▸ **Problem description**
In the entries below, find the line with "Polynesia Hibiscus Button" and the line with "vidaXL Loungegrupp med". Repeat exactly everything between them, those two lines included, but not the pictures.

▸ **Supplied data**
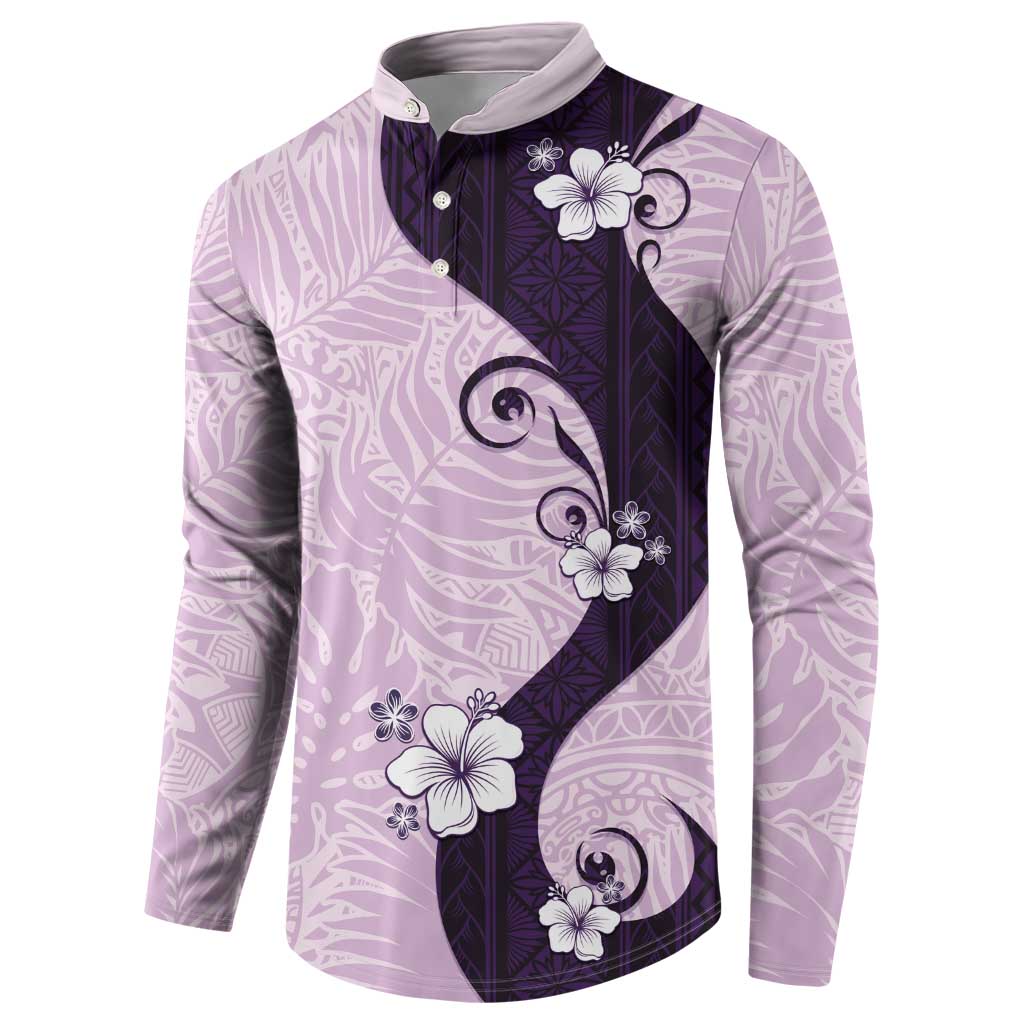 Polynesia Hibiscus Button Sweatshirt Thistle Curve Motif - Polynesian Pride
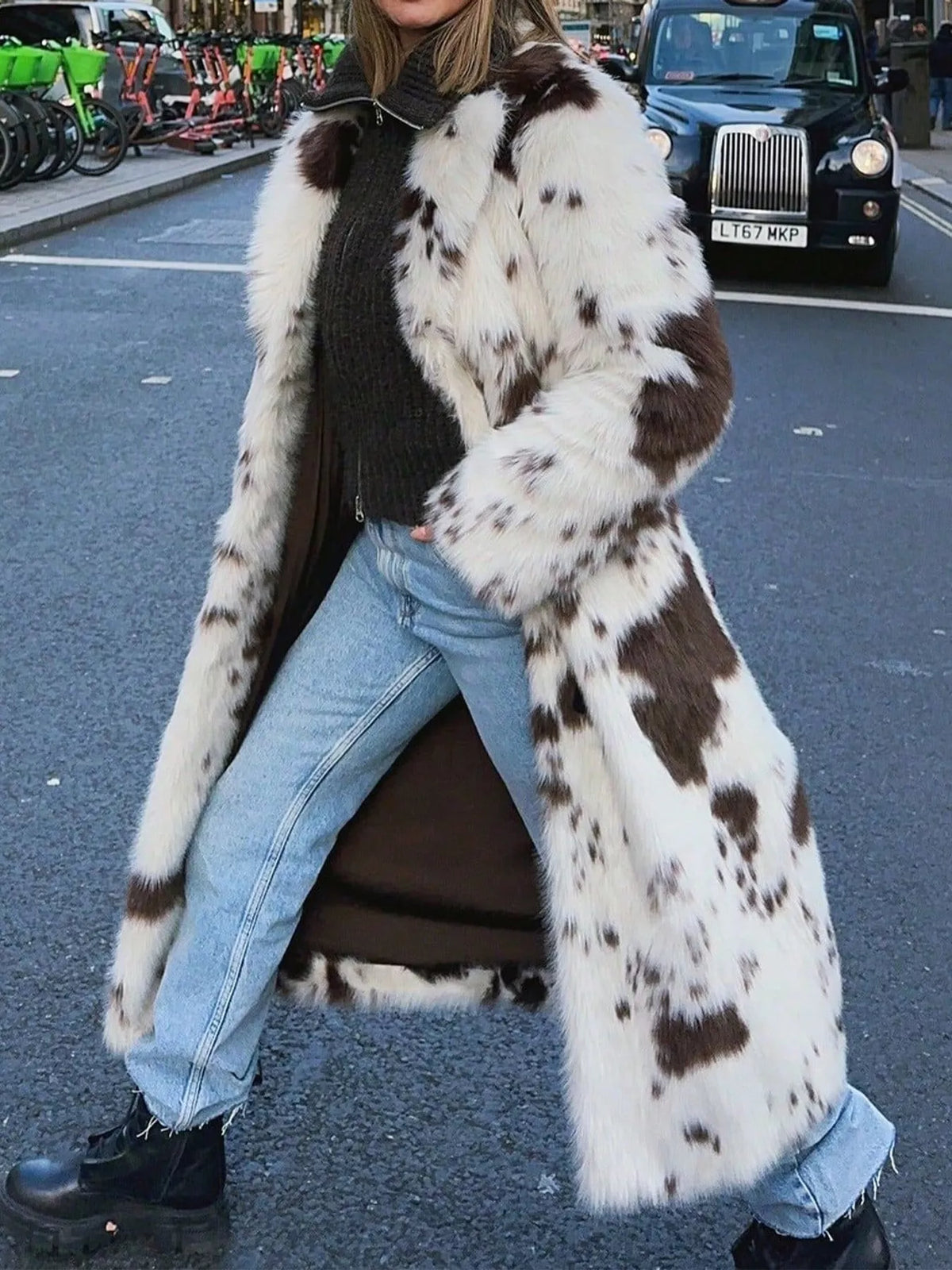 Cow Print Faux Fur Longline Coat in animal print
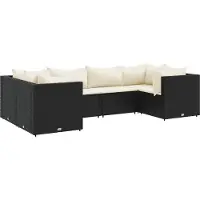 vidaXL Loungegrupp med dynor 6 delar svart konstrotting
---
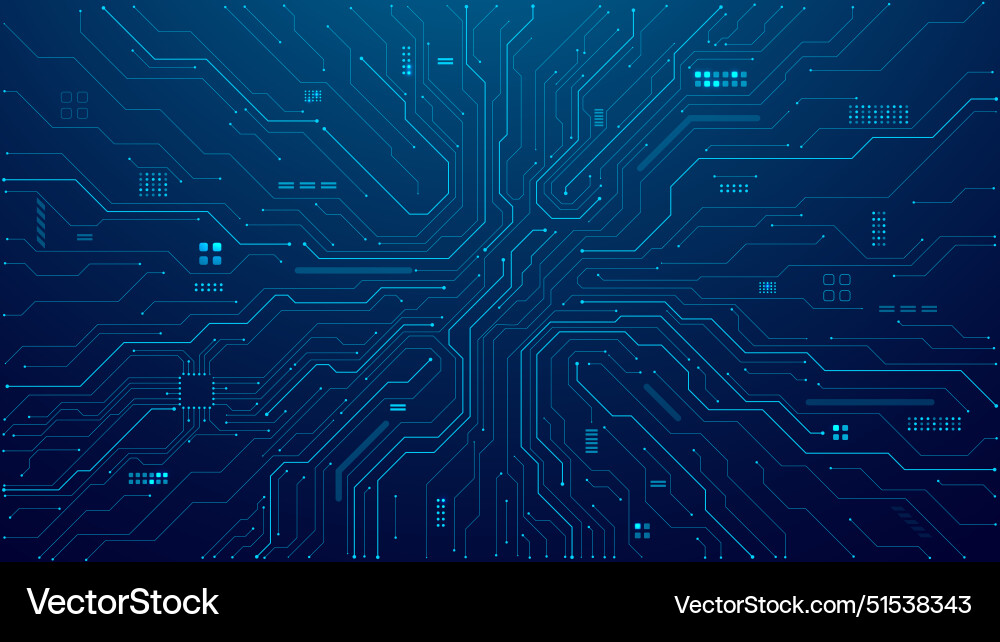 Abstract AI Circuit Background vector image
---
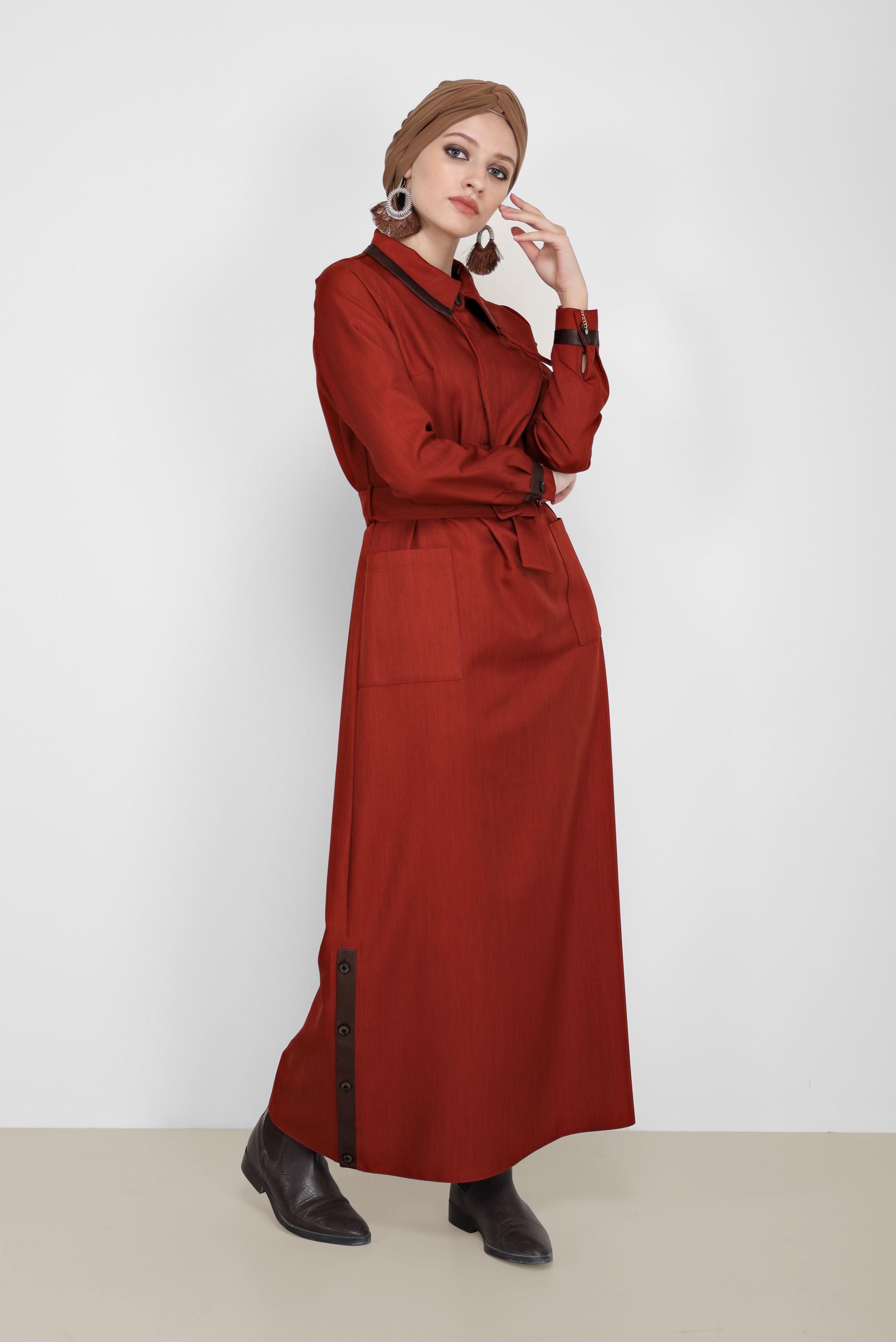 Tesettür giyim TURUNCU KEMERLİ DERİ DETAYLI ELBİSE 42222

▸ **Answer area**
 Polynesia Hibiscus Button Sweatshirt Thistle Curve Motif - Polynesian Pride
 Cow Print Faux Fur Longline Coat in animal print
 vidaXL Loungegrupp med dynor 6 delar svart konstrotting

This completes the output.